**EXERCISE DESCRIPTION:**
The result should be an exact copy of the data, free of pictures.

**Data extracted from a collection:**
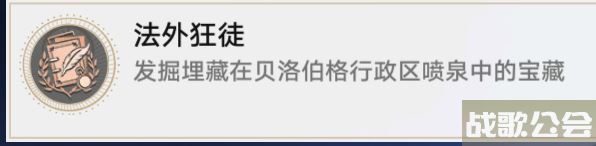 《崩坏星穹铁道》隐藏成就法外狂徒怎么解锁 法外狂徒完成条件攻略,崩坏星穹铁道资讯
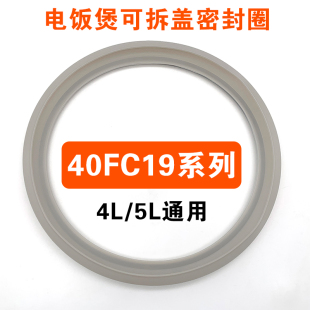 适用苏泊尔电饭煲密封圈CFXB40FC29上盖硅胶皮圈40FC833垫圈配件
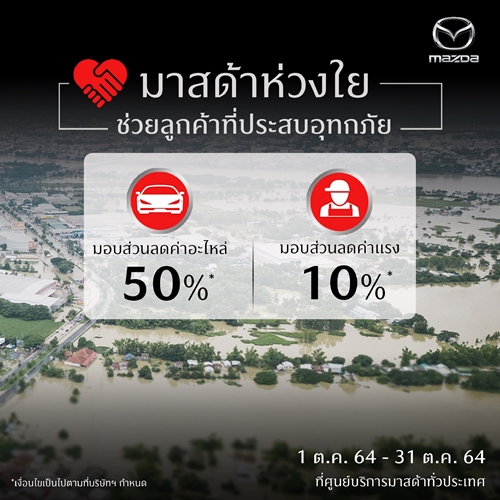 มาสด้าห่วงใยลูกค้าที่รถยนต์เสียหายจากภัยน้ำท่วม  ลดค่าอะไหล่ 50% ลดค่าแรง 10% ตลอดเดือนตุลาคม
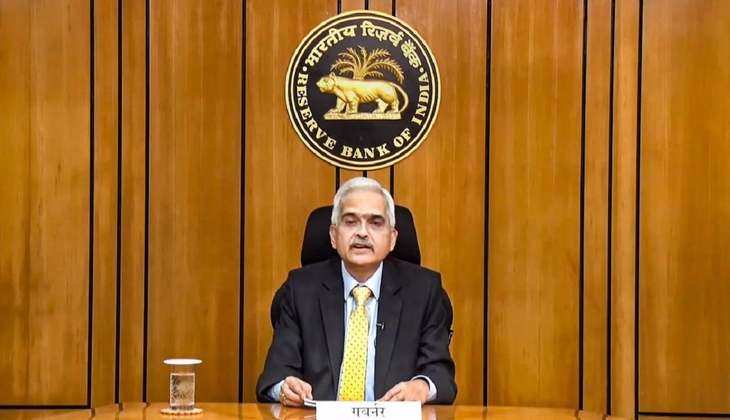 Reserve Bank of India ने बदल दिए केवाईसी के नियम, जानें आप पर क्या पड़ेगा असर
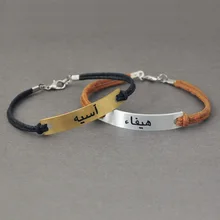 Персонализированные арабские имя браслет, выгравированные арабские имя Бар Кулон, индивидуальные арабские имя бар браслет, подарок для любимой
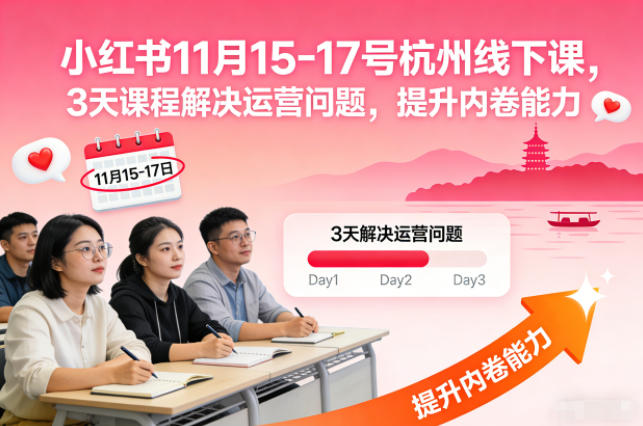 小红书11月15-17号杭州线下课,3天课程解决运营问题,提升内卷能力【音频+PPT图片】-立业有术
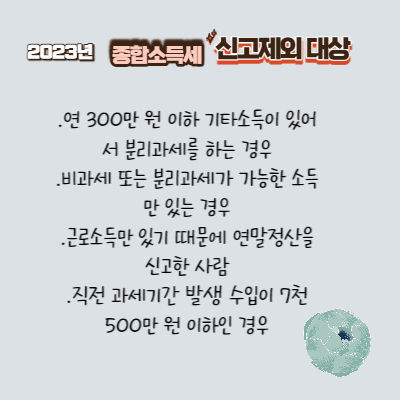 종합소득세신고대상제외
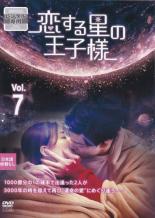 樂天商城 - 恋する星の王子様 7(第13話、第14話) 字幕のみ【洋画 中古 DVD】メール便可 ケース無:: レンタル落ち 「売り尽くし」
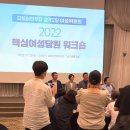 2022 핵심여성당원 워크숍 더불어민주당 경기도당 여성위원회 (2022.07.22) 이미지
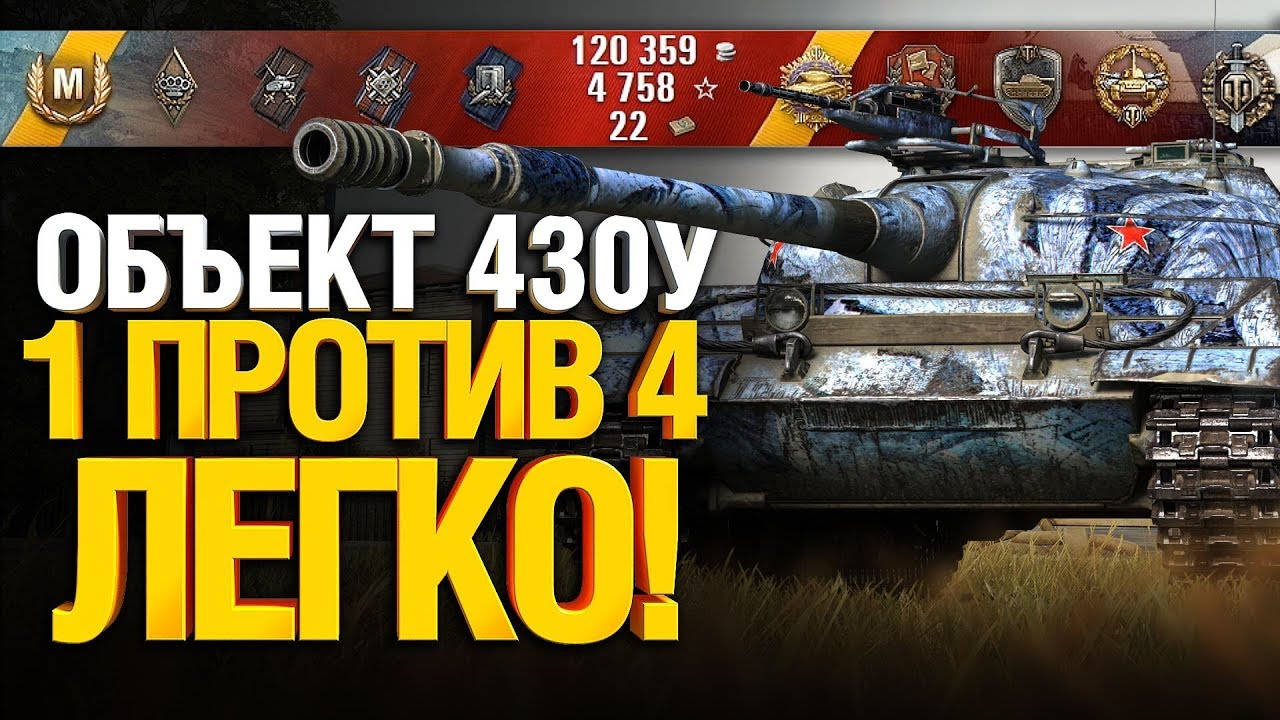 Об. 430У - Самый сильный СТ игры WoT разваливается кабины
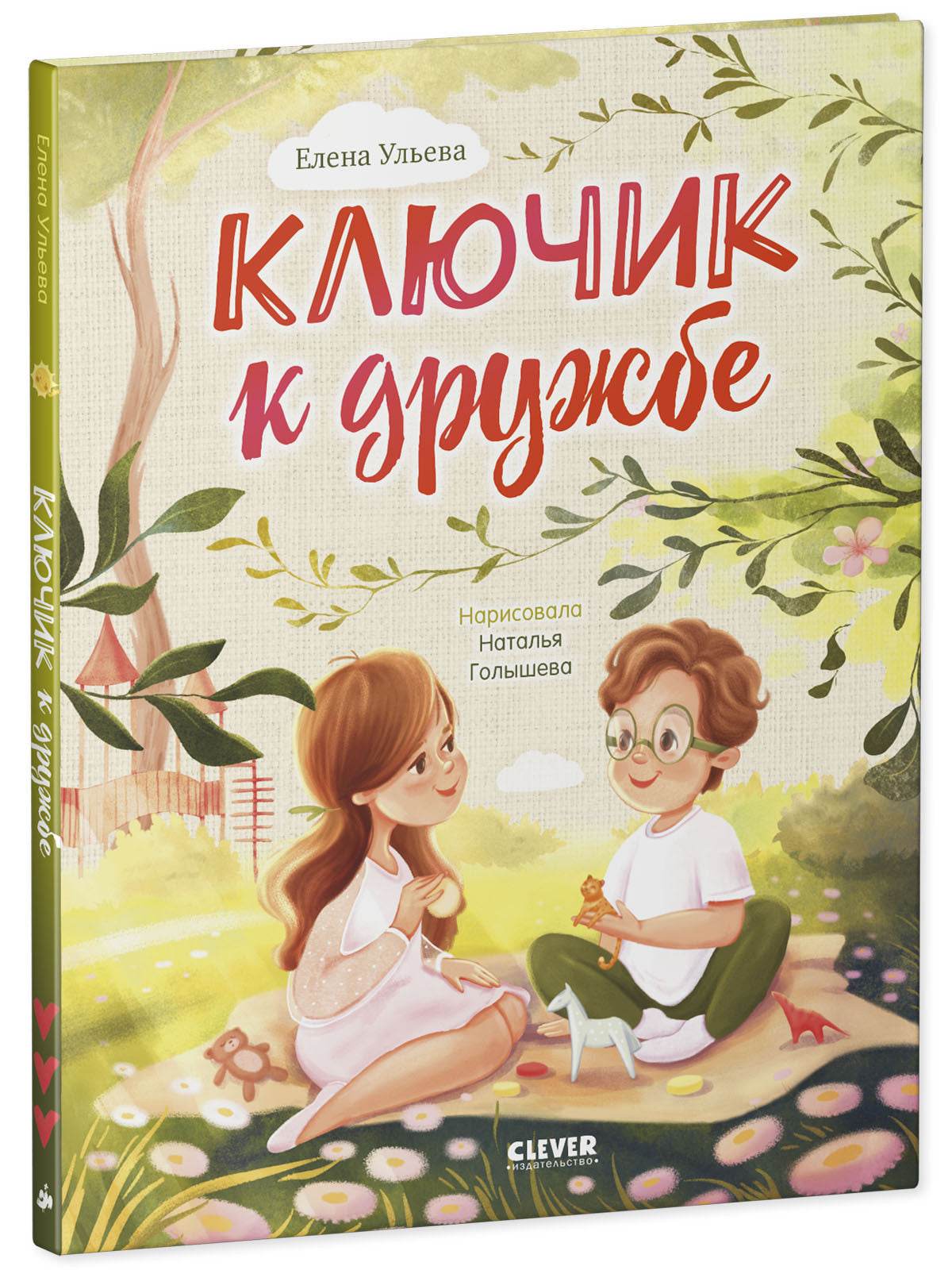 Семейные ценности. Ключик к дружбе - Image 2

**FINISHED TASK:**
 《崩坏星穹铁道》隐藏成就法外狂徒怎么解锁 法外狂徒完成条件攻略,崩坏星穹铁道资讯
 适用苏泊尔电饭煲密封圈CFXB40FC29上盖硅胶皮圈40FC833垫圈配件
 มาสด้าห่วงใยลูกค้าที่รถยนต์เสียหายจากภัยน้ำท่วม  ลดค่าอะไหล่ 50% ลดค่าแรง 10% ตลอดเดือนตุลาคม
 Reserve Bank of India ने बदल दिए केवाईसी के नियम, जानें आप पर क्या पड़ेगा असर
 Персонализированные арабские имя браслет, выгравированные арабские имя Бар Кулон, индивидуальные арабские имя бар браслет, подарок для любимой
 小红书11月15-17号杭州线下课,3天课程解决运营问题,提升内卷能力【音频+PPT图片】-立业有术
 종합소득세신고대상제외
 樂天商城 - 恋する星の王子様 7(第13話、第14話) 字幕のみ【洋画 中古 DVD】メール便可 ケース無:: レンタル落ち 「売り尽くし」
 2022 핵심여성당원 워크숍 더불어민주당 경기도당 여성위원회 (2022.07.22) 이미지
 Об. 430У - Самый сильный СТ игры WoT разваливается кабины
 Семейные ценности. Ключик к дружбе - Image 2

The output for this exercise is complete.